What say we call him "MrExcel"!

Or, MrExcel II, affectionately known as "Junior" or "Jr." for short....?


----------



## Duane

OR,

We could call him "Cody" (as in "likes to write code").

"Cody the Excel guy"....it has appeal!


----------



## klb

Axel

or

Alexis

for all the Excel Gals!


----------



## Anne Troy

Yeah, Bill. What about that? Does it HAVE to be the XL GUY?? Can't it be the XL GIRL??


----------



## Tom Urtis

How about "X-Pert" or "Ex-pert", which has a number of positive & relevant connotations when parsed.  To make my case:

"X" - relevant to the shape of the logo.

"Pert" - as defined by my Random House unabridged dictionary: "boldly forward in speech or behavior; chic and stylish; lively; spritely; clever".
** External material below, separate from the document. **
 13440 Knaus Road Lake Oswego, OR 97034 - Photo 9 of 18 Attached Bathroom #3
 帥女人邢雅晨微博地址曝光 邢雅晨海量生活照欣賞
"Expert" - a complimentary adjective, especially relevant in that so many MrExcel board regulars could qualify as Excel experts in my opinion.

Also, "X-Pert" is not gender specific, so it could refer to a male or female.
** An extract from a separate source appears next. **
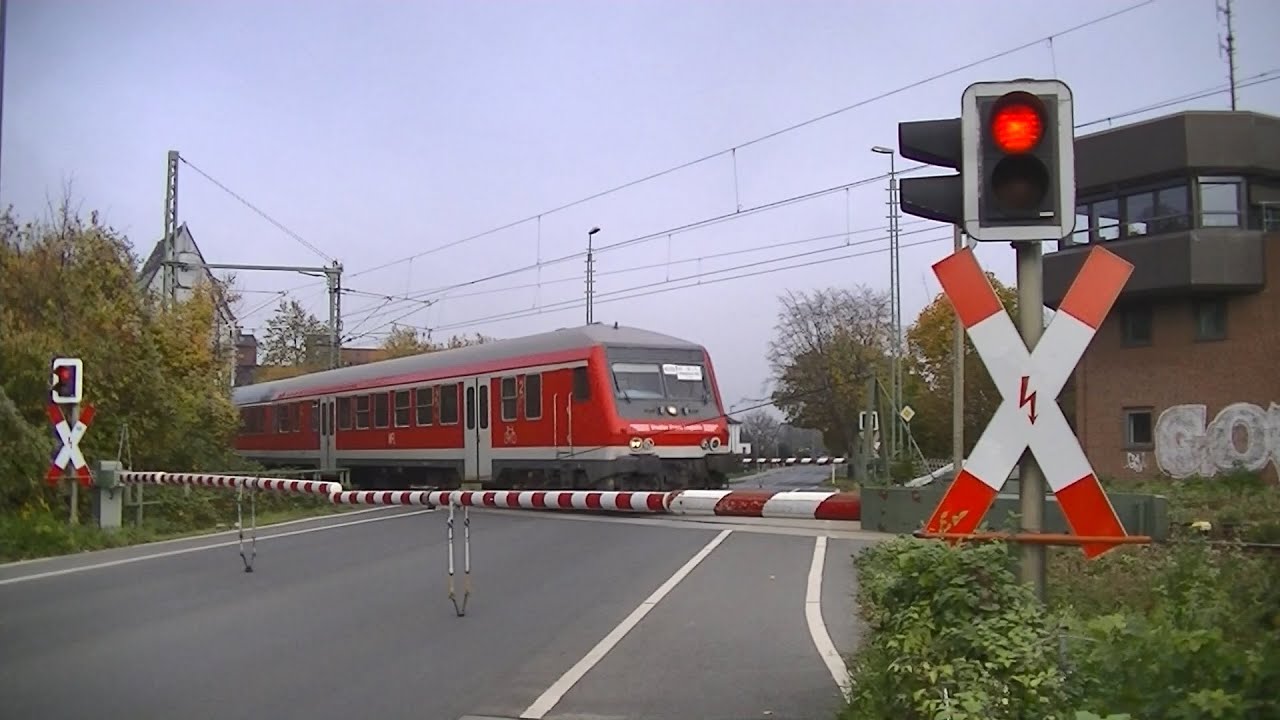 Spoorwegovergang Harsum (D) // Railroad crossing // Bahnübergang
So, any opinions from the gallery?


----------



## RichardS

Alternative definition of Expert.
X is an unknown quantity, a spurt is a drip under pressure.


----------



## Legacy 5624

> On 2002-07-07 19:25, Dreamboat wrote:
> Yeah, Bill. What about that? Does it HAVE to be the XL GUY?? Can't it be the XL GIRL??




Better make that XL PERSON.


----------



## Legacy 5624

What about simply BJ ?

(Short for you know what.)


----------



## G. Marx

I rather like the name Little Willy.

I'm sure it wouldn't be long before lots of people got to know about Bill Jelen's Little Willy.


----------



## MrExcel

> On 2002-07-08 01:09, G. Marx wrote:
> I rather like the name Little Willy.
> 
> I'm sure it wouldn't be long before lots of people got to know about Bill Jelen's Little Willy.
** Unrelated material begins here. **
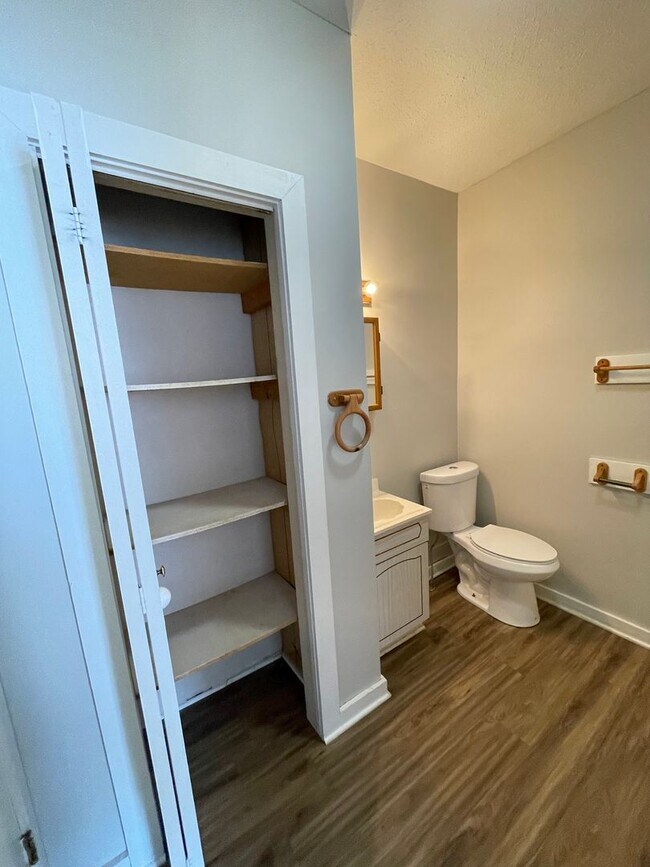 Building Photo - Two Bedroom Single Family Home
Based on the 50 junk e-mails in my inbox each morning, I would say the word is already out about this!

ROFLOL!


----------



## Barrie Davidson

> On 2002-07-08 05:42, MrExcel wrote:
> Based on the 50 junk e-mails in my inbox each morning, I would say the word is already out about this!
> 
> ROFLOL!



That's the spirit!!  Nothing I like better than a person who can laugh at themselves (and, yes, I count myself in that group). 

PS - Board's getting better & better, keep up your great work.

BD


----------



## Tom Urtis

OK, two more, they are my idea if people like them and my girlfriend's idea if people don't:

"Speedy"

"Xavier"

I wonder if this is what some couples go through when trying to name a new baby.  Maybe at least we're providing a social service with this thread.
_________________
Tom Urtis
This message was edited by  Tom Urtis on 2002-07-08 07:25


----------



## AJ

How about "Dim X" .


----------



## NateO

I came up with *Jethro*

due to its association with _excellence_

http://www.behindthename.com/cgi-bin/search.cgi?terms=jethro


----------



## Mark O'Brien

I'll chip in with "Max", for no other reason than it's got an "X" in it and I'm using the MAX function right now a lot.


----------



## Von Pookie

Hmmm...maybe "Cecil"?

It kind of sounds like "cell"...


----------



## Barrie Davidson

Okay, here's my two cents worth:

Nick....

named after Nick Burns the Computer Guy (Saturday Night Live skit).

Love Nick and his people skills!

BD


----------



## Sarahg

I think you should name him:

Tabe L.


----------



## Busboy

Why not name him Bill...


----------



## George J

Why not just go the whole way and call the person...

GOD!

Men assume God is male, while women know God is Female.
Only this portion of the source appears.